I am blocking GEMMs on the M dimension (for tall-and-skinny A/C). Assume a cublasDx GEMM like this:
using GEMM = decltype(cublasdx::Size<BLOCK_M, N, K>()
+ cublasdx::Function<cublasdx::function::MM>()
+ cublasdx::Arrangement<cublasdx::col_major, cublasdx::row_major, cublasdx::row_major>()
[...]
+ cublasdx::LeadingDimension<M, N, N>());
Querying the shared memory tensor for A takes into account the leading dimension of A. Querying the global memory tensor ignores the leading dimension of A. Why? What is the reasoning behind that?
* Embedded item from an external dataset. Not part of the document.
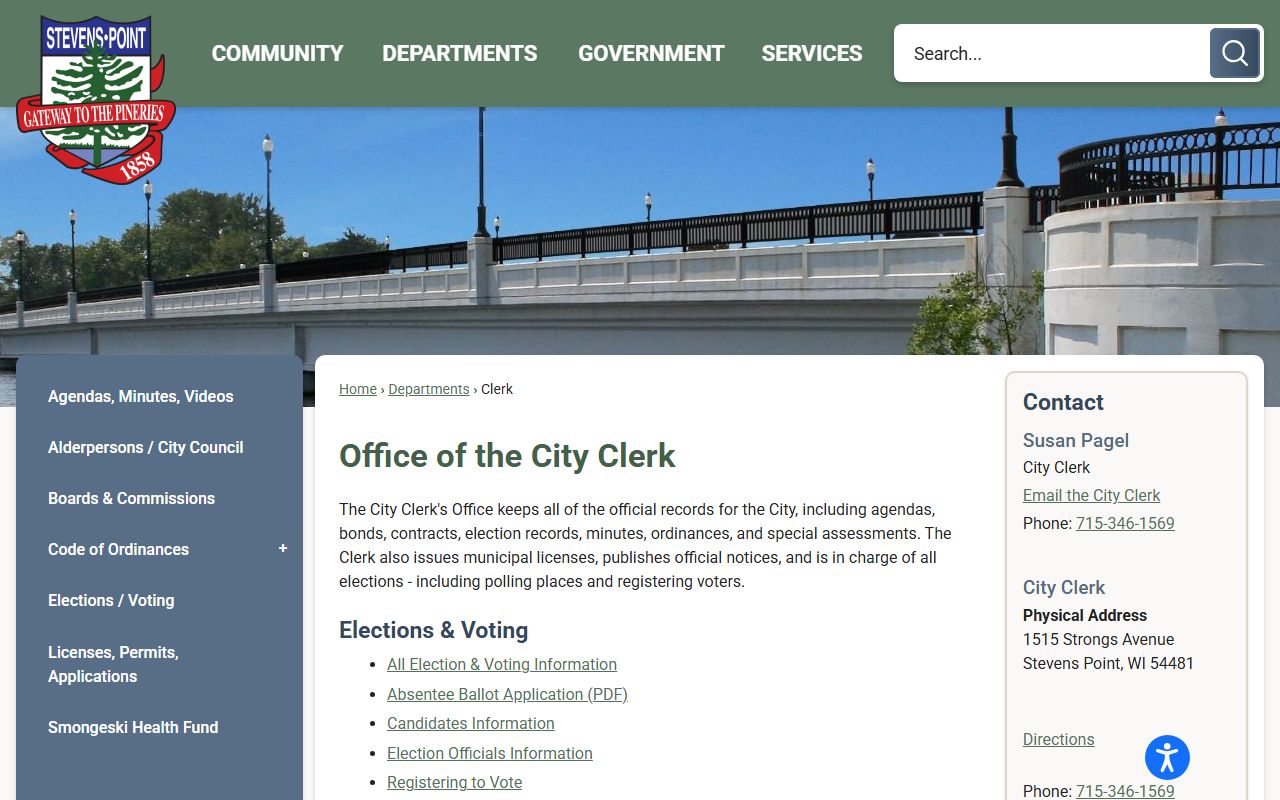 Stevens Point marriage records city clerk page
The code from cublasDx in question is this:
template<matrix M, class MemTag>
static constexpr int get_default_ld() {
static_assert(cute::is_same_v<MemTag, smem_tag> or cute::is_same_v<MemTag, gmem_tag>);
int ret = 0;
if constexpr(cute::is_same_v<MemTag, smem_tag>) {
ret = choose<M>(base_type::this_blas_lda, base_type::this_blas_ldb, base_type::this_blas_ldc);
} else {
constexpr arrangement arr = choose<M>(base_type::this_blas_arrangement_a,
base_type::this_blas_arrangement_b,
base_type::this_blas_arrangement_c);
ret = (arr == col_major)
? choose<M>(this_blas_size::m, this_blas_size::k, this_blas_size::m)
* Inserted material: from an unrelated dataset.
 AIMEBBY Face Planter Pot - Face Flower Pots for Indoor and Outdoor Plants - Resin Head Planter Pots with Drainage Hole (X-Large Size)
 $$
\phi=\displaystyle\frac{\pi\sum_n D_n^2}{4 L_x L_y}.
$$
: choose<M>(this_blas_size::k, this_blas_size::n, this_blas_size::n);
}
return ret;
}
The leading dimension is useless for the shared memory tensor when copying from global to shared memory but it is kinda important for the global memory tensor. The docs are absolutely not clear on that. I understand the desire to specify custom LDs in get_layout_gmem_*() but I don’t understand why cublasDx purposefully ignores the LDs I have already specified for that specific GEMM and on top of that is inconsistent between global and shared memory.